═══ Data supplied ═══

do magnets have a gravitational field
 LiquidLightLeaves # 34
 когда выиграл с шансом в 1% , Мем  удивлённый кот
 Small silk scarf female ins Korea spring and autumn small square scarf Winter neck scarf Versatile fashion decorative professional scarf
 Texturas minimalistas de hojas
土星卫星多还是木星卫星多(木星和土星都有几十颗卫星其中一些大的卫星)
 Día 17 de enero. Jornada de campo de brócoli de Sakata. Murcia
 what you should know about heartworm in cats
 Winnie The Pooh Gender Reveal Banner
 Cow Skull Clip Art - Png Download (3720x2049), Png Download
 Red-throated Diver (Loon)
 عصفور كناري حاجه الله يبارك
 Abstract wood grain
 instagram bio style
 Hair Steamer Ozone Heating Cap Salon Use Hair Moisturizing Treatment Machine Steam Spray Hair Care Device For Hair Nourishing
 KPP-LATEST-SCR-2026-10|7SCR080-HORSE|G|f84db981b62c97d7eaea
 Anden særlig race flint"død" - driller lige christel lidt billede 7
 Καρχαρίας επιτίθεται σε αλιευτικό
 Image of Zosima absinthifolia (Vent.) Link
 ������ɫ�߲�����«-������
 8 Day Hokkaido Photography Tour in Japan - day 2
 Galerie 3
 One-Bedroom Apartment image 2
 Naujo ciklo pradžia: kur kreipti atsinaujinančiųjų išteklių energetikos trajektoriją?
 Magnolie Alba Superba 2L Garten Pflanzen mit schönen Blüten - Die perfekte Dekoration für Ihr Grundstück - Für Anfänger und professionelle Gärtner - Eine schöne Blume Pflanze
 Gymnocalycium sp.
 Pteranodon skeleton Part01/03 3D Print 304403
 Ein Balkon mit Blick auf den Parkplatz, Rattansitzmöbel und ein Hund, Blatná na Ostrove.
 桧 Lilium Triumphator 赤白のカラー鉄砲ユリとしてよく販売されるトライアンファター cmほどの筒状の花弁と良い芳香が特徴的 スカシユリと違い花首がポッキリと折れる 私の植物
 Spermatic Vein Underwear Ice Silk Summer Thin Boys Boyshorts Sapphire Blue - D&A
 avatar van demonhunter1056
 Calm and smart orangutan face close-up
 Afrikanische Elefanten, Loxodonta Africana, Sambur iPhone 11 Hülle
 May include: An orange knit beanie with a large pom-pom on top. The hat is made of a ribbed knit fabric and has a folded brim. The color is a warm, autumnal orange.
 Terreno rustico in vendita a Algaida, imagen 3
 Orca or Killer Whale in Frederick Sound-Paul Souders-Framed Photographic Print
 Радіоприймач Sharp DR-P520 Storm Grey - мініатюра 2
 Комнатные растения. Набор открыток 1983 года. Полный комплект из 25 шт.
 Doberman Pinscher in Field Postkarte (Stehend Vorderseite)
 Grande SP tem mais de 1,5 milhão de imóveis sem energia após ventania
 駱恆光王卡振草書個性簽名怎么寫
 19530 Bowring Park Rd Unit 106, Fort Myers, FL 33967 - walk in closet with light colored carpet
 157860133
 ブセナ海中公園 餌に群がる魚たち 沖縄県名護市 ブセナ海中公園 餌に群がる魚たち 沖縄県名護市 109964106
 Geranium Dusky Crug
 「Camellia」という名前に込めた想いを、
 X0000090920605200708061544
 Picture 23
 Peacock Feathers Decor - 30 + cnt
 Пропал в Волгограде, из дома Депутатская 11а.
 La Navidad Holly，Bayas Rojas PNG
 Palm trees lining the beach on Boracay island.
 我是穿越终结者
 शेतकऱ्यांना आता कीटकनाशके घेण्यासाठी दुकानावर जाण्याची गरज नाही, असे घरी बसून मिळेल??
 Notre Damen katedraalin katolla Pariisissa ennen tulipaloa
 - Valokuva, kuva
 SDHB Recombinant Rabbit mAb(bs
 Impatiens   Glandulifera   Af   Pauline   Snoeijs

═══

= About this task =
Please copy, exactly as written, every line in the listing above from the line with "Magnolie Alba Superba" up to and including the line with "Ein Balkon mit".

= Solution =
 Magnolie Alba Superba 2L Garten Pflanzen mit schönen Blüten - Die perfekte Dekoration für Ihr Grundstück - Für Anfänger und professionelle Gärtner - Eine schöne Blume Pflanze
 Gymnocalycium sp.
 Pteranodon skeleton Part01/03 3D Print 304403
 Ein Balkon mit Blick auf den Parkplatz, Rattansitzmöbel und ein Hund, Blatná na Ostrove.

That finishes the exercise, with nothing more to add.